Convenient, I refrain from saying.

“Maybe it was all too abrupt.” Cameron’s lower lip trembles.

“That’s exactly what Skylar wants you to believe. She didn’t intend to kill herself.”

Cameron flinches. “How do you know that?”

“Look, if Skylar really wanted to die, she wouldn’t have phoned you.” While a suicide attempt is usually a cry for help, in Skylar’s case I can say with near certainty it’s an attempt to regain some control over Cameron.

Right now, my former client is more of a danger to himself than Skylar is to herself, and I need to shock him straight. “So, what do you think the solution is, Cameron? Give up your new life and move back in with Skylar?”

Exhilaration courses through my veins; casting aside the filters that constrained me when I was a therapist is so deliciously freeing.

I lean in closer to him. I’m fond of Cameron; he has as tender and pure a heart as anyone I’ve ever met. “There will always be something with her. And if you give in now, in another few months, you’ll be right back where you were before.”

I’m reaching him; I can see it in his slower breathing and in his increased eye contact. “What should I do?”

A traditional therapist would gently help Cameron find his own solution, even if it took years. Even if it was the wrong one.

“You need to tell Skylar you’re sorry she’s hurting, but it isn’t going to change anything.”

“I-I want to, but…”

“The longer you wait, the harder it’s going to be.” Cameron’s ex-wife is a powerful force in his life; I need to be stronger. I stand up and stretch out my hand. “Let’s go. You’re not doing this alone.”

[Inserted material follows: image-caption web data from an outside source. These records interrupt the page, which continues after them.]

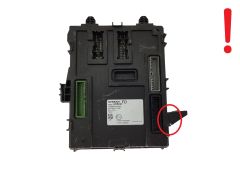 Controller 284B14CB5D A2C9944770100 Nissan Continental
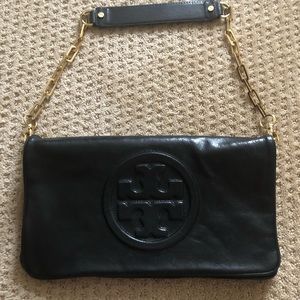 Tory Burch leather handbag
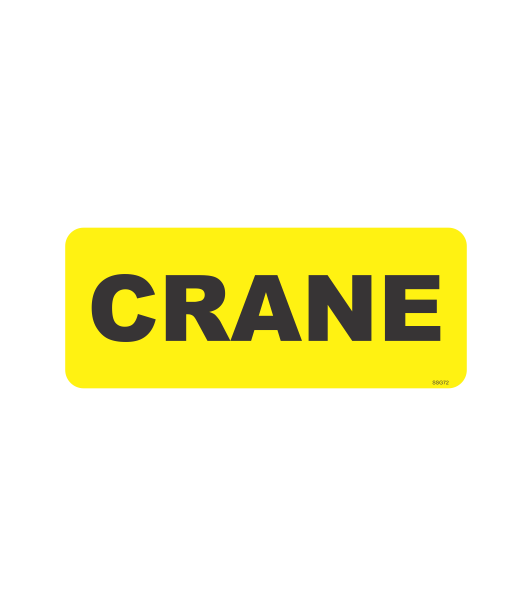 SSG72 - CRANE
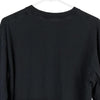 Vintage black Beverley Hills Panthers Brandy Melville Long Sleeve T-Shirt - womens medium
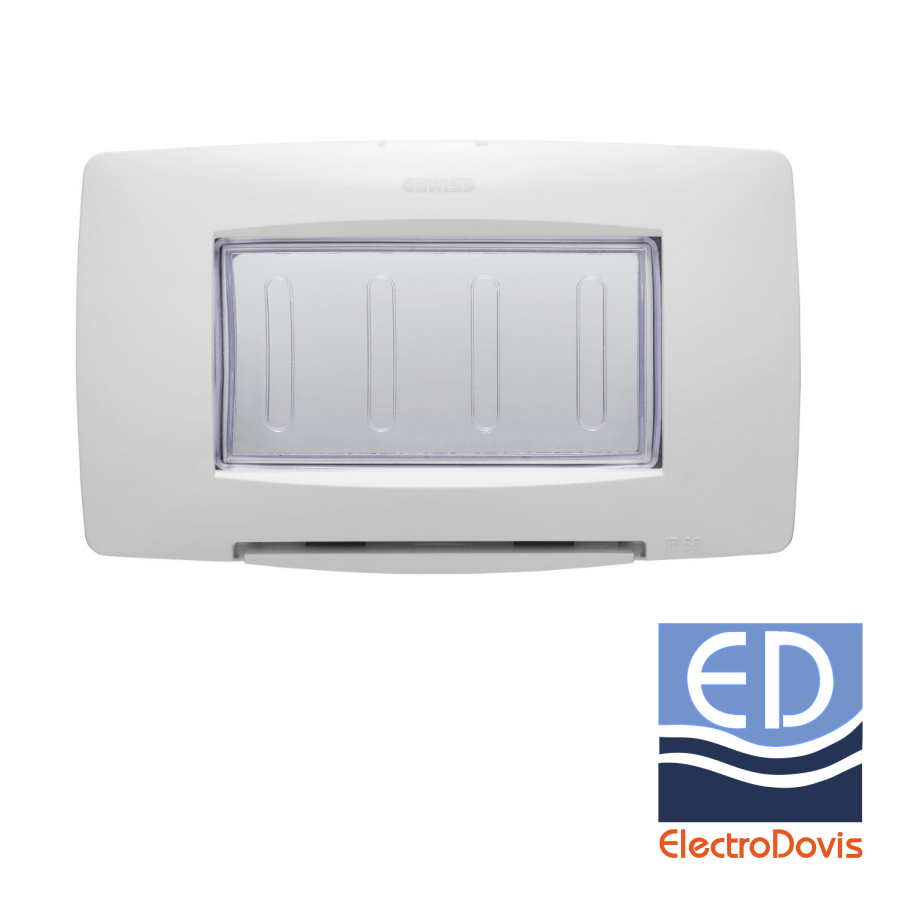CAPAC MEMBRANA 4P Chorus Alb GW16704TBN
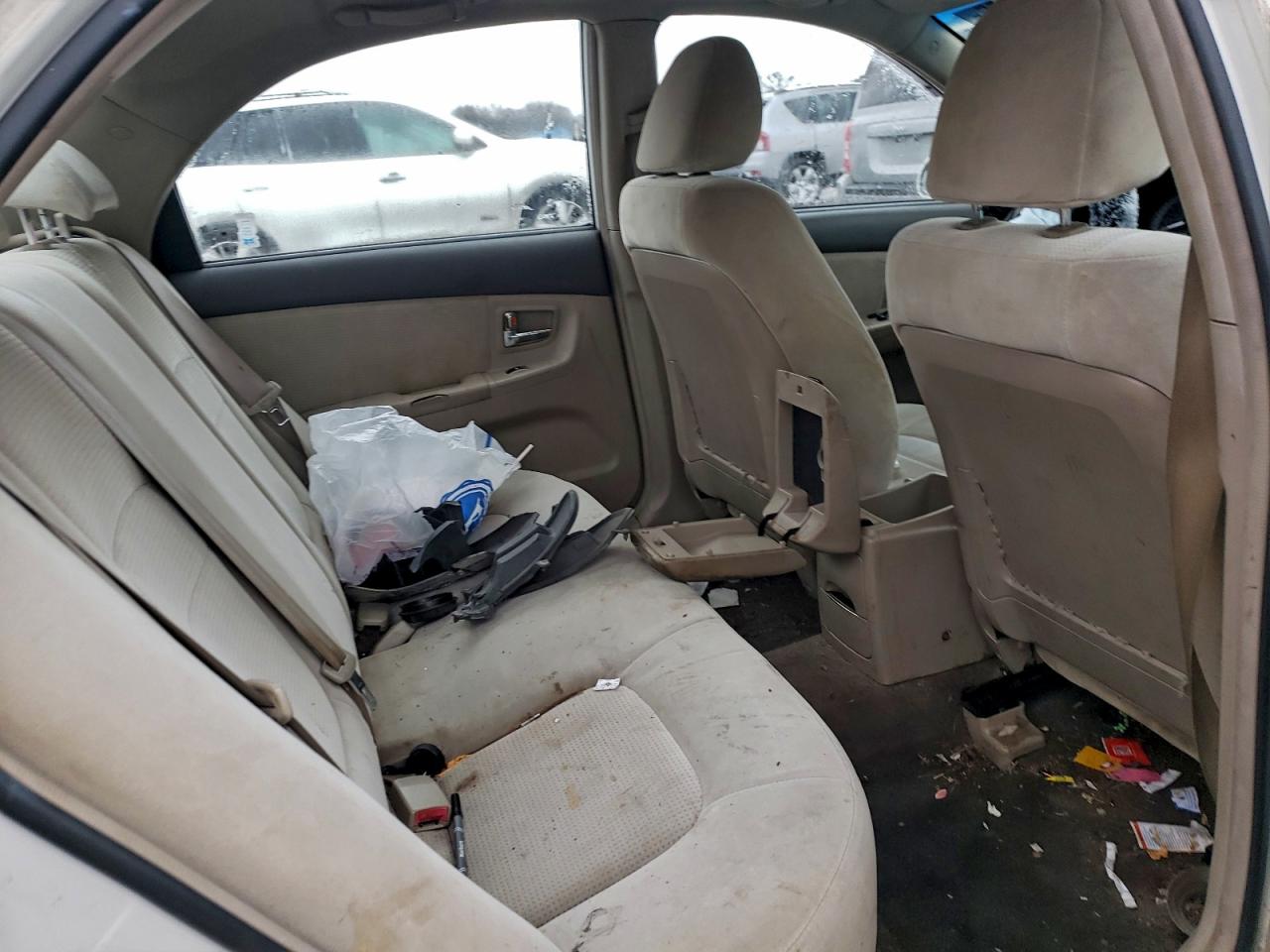 Kia Spectra Ex Image 7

He hesitates, then rises and follows me to the security guard manning the desk. I tell the guard we’re here to see Skylar Sullivan, and we present our driver’s licenses and sign in. A nurse appears a few moments later and leads us to Skylar, who lies on a gurney with curtain walls separating her from the patients on either side. Her dark hair is spread out over the white pillowcase, and I notice she’s wearing an awful lot of makeup.

“Skylar,” Cameron says softly.

Her eyelids flutter open. “Cameron,” she whispers. “I knew you’d come.”

She stretches out a hand, leaving her manicured fingers dangling midair, until he moves closer and takes them. She doesn’t notice me; her sole focus is on Cameron.